◆ **GIVEN ENTRIES**:
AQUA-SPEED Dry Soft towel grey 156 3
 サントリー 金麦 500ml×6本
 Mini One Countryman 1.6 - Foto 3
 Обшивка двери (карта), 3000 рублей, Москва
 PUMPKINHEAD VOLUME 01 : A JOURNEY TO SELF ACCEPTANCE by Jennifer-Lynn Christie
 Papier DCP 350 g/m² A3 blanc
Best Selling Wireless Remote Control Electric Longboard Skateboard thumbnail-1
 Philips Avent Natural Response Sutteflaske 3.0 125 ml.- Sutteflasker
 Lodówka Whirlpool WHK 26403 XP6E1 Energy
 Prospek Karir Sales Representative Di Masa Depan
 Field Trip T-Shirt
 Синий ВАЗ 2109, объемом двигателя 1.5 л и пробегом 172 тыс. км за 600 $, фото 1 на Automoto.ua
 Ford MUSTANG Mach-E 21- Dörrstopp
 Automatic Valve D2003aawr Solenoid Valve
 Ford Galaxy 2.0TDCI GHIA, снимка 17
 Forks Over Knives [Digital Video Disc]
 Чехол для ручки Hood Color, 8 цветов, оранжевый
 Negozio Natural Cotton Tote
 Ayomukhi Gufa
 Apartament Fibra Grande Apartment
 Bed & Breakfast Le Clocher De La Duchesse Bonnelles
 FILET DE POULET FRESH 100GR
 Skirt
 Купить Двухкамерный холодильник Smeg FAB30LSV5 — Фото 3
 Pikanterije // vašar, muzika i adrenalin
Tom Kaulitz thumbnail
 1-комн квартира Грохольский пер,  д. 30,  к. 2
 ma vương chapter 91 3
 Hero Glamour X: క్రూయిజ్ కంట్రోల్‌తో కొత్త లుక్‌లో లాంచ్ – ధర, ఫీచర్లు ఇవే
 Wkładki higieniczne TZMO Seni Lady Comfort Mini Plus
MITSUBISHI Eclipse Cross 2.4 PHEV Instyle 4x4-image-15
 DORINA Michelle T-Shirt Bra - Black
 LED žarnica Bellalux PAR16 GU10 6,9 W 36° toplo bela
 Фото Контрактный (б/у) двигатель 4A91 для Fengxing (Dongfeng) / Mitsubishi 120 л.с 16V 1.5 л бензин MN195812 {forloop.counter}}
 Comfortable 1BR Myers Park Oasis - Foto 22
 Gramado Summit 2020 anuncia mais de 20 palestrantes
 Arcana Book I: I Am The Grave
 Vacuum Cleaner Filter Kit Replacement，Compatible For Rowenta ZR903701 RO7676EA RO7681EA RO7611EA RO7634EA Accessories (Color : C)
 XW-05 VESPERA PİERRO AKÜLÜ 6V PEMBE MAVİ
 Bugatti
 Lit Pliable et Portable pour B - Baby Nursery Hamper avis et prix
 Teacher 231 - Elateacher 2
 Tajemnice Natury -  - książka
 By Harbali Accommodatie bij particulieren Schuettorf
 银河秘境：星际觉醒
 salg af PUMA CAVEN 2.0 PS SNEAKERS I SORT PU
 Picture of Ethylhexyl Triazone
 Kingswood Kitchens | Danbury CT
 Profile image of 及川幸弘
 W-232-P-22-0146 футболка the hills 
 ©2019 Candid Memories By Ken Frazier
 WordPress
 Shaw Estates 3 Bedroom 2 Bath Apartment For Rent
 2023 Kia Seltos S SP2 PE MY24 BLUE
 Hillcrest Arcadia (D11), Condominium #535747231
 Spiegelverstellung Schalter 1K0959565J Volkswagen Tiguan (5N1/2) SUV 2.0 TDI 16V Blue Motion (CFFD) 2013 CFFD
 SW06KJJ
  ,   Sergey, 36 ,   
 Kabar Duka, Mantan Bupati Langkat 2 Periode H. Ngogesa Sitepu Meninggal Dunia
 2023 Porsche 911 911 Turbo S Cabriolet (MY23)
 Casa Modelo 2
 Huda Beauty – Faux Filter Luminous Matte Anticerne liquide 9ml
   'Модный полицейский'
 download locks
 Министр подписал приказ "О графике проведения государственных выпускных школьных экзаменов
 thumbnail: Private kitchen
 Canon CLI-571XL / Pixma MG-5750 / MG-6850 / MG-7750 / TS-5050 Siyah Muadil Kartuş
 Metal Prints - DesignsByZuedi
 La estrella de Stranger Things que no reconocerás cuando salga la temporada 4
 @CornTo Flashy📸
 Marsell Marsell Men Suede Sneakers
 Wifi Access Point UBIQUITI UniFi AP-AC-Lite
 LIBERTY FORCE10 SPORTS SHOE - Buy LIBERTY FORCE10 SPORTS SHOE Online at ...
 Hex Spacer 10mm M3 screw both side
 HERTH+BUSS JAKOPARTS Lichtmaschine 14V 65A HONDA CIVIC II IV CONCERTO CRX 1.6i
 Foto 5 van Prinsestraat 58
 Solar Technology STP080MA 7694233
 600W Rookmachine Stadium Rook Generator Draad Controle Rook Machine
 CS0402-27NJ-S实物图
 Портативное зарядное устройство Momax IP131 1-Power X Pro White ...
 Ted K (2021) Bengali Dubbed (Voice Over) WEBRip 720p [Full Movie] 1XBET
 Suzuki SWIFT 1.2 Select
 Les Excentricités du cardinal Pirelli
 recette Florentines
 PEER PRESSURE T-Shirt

◆ **YOUR INSTRUCTIONS**: Present each line from the listing that holds the string "Color".

◆ **WRITTEN ANSWER**:
 Чехол для ручки Hood Color, 8 цветов, оранжевый
 Vacuum Cleaner Filter Kit Replacement，Compatible For Rowenta ZR903701 RO7676EA RO7681EA RO7611EA RO7634EA Accessories (Color : C)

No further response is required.